Marmettola, il rivoluzionario metodo per scoprire quali cave inquinano i fiumi analizzando gli atomi
Un nuovo metodo basato sull’impronta isotopica del marmo potrebbe rivoluzionare i controlli ambientali. Intanto il Carrione risulta il fiume più contaminato della Toscana da Escherichia coli
CARRARA. Risalire alla fonte della marmettola, letteralmente. È questo l’obiettivo dello studio che Arpat, l’agenzia regionale per la protezione ambientale della Toscana, sta portando avanti con l’Università di Firenze per tracciare l’impronta isotopica del marmo, che differisce a seconda della tipologia del materiale e che potrebbe permettere di risalire al luogo dove origina l’inquinamento. Sarebbe quindi un’operazione di tracciamento innovativa, che potrebbe rivoluzionare i controlli ambientali sul bacino estrattivo apuano, andando a colpire direttamente chi, ancora oggi, sversa irregolarmente marmettola nei corsi d’acqua.
Cos’è la marmettola
La marmettola è il fango biancastro derivante dalla segagione e lavorazione del marmo che non può essere disperso nell’ambiente, ma deve essere conferito in impianti autorizzati. Eppure la cronaca e i dati scientifici mostrano come questa pratica non sia sempre rispettata, con ricadute dirette sul territorio. A dirlo è il direttore generale di Arpat Pietro Rubellini, a margine della presentazione dei dati di Goletta verde di Legambiente: «Su alcuni bacini idrografici questo materiale rappresenta un inquinante importante e il Carrione purtroppo è annichilito dalla sua deposizione». Da qui la necessità di “seguire le tracce”: «Con l’Università di Firenze – fa sapere Rubellini – stiamo cercando di definire l’impronta isotopica di alcune tipologie di marmi. Ogni marmo ha isotopi differenti, e questo ci può dire da quale attività estrattiva e da quale bacino proviene la marmettola. Non vogliamo accusare tutte le cave – tiene a precisare – ma serve capire chi si comporta ancora in modo scorretto inquinando il sottosuolo. Questo sistema ci permetterebbe di concentrare i controlli proprio dove servono». Questo vale anche per la vicina Massa, dove l’attività estrattiva è minore sebbene anche gli affluenti del Frigido spesso si colorano di bianco latte.

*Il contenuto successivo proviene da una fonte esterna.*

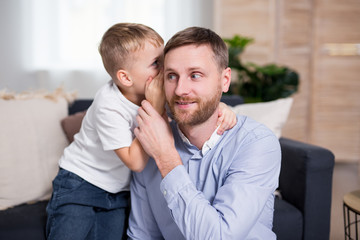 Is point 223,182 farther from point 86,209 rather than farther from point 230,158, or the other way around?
point 86,209

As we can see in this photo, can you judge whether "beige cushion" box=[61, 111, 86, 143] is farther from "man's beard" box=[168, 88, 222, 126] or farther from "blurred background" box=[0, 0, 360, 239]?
"blurred background" box=[0, 0, 360, 239]

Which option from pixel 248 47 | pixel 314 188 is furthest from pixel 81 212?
pixel 248 47

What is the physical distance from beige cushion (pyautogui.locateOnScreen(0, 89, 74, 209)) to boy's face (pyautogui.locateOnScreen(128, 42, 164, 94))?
76 cm

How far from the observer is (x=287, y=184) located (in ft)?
6.14

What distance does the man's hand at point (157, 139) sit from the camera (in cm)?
115

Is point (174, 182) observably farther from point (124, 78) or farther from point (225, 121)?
point (124, 78)

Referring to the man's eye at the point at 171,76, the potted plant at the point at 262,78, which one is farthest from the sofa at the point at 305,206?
the potted plant at the point at 262,78

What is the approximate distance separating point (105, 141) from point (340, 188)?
286 centimetres

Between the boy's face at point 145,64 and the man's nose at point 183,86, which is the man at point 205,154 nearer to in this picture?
the man's nose at point 183,86

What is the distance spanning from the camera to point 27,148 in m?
1.83

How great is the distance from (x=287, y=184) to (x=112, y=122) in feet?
3.36

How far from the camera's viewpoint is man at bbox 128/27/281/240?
105cm

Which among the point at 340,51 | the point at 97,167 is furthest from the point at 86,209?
the point at 340,51

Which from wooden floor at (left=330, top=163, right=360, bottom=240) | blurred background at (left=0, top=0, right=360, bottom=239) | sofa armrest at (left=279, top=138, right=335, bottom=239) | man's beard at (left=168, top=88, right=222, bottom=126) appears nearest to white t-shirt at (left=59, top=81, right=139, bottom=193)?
man's beard at (left=168, top=88, right=222, bottom=126) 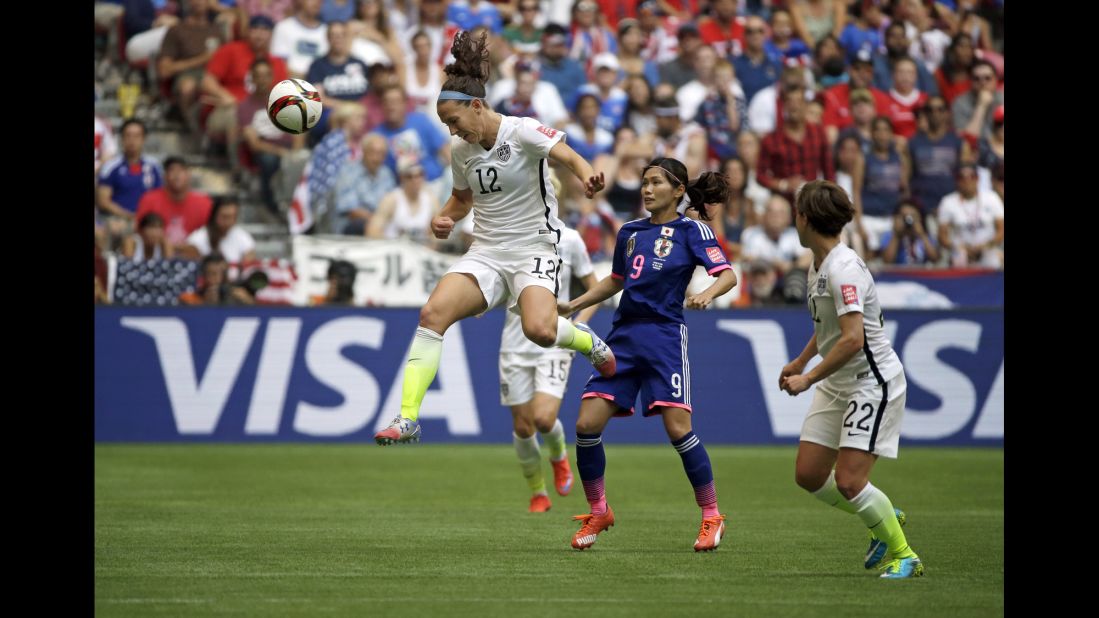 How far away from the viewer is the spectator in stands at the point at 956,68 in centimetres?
2073

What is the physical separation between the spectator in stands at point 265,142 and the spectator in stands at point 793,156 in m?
6.08

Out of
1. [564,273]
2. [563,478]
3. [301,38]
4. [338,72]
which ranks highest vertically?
[301,38]

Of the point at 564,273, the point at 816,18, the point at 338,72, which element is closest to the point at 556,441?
the point at 564,273

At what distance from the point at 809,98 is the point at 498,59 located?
4.31 m

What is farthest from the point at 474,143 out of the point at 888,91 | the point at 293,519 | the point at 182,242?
the point at 888,91

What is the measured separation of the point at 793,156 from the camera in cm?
1941

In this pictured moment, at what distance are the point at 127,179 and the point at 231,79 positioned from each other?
6.84ft

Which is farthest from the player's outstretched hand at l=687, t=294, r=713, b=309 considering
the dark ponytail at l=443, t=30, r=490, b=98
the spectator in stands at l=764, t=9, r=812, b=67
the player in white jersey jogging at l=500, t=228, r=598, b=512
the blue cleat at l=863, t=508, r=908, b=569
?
the spectator in stands at l=764, t=9, r=812, b=67

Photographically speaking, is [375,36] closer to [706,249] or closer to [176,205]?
[176,205]

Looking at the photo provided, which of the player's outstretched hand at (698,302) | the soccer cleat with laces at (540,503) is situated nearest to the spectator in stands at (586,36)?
the soccer cleat with laces at (540,503)

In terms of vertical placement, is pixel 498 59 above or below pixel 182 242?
above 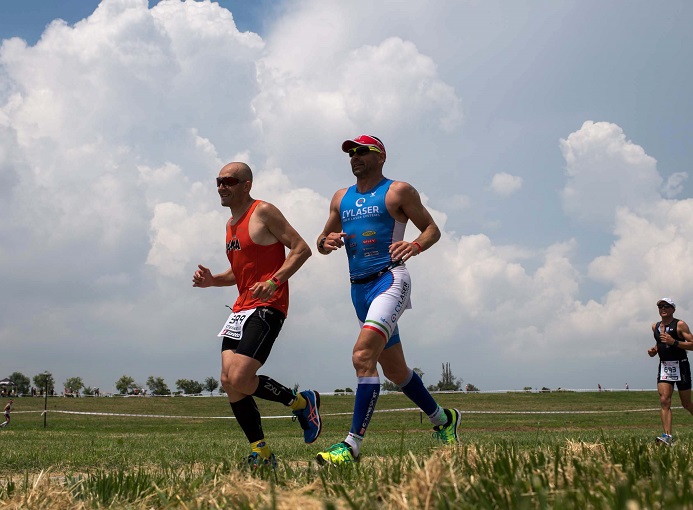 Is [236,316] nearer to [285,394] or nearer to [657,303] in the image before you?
[285,394]

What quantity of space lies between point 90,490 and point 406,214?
415cm

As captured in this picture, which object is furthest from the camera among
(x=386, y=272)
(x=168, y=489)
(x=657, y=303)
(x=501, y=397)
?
(x=501, y=397)

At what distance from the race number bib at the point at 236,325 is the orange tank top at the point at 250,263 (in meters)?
0.10

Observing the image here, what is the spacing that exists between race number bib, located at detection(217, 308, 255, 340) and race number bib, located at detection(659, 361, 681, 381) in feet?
28.3

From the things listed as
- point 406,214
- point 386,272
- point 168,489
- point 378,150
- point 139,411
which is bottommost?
point 139,411

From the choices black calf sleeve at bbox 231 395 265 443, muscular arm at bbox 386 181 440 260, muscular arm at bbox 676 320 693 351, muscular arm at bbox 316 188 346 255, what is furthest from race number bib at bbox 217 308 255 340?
muscular arm at bbox 676 320 693 351

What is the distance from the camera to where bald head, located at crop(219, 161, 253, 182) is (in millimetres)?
7441

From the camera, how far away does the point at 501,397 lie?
56156mm

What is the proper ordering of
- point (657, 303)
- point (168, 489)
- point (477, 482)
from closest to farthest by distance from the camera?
point (477, 482)
point (168, 489)
point (657, 303)

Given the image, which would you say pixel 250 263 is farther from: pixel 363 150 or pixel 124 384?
pixel 124 384

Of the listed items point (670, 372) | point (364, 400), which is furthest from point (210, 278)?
point (670, 372)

Il monitoraggio del Carrione
Ma il Carrione è nel mirino anche per motivi batteriologici. Il 39esimo rapporto di Goletta verde di Legambiente fotografa una situazione critica sotto il profilo batteriologico: tra i 20 fiumi monitorati il torrente Carrione è il corso d’acqua con la maggiore presenza di Escherichia coli della Toscana con una concentrazione di 22. 398 ufc/100 ml quando la soglia massima di legge è 500 unità. Dati allarmanti, che trovano conferma anche negli altri punti campionati in provincia: la foce del Lavello alla Partaccia (18. 270 ufc/100 ml per escherichia coli e 6. 980 ufc/100 ml per enterococchi intestinali) , la foce del Brugiano (1. 008 e 1. 776, la foce del Versilia a Montignoso (315 e 480) . Tutti risultano inquinati e per questo i divieti permanenti alla balneazione sono ormai la norma, come avviene anche per il Frigido, escluso dal monitoraggio ma da tempo sottoposto a divieto.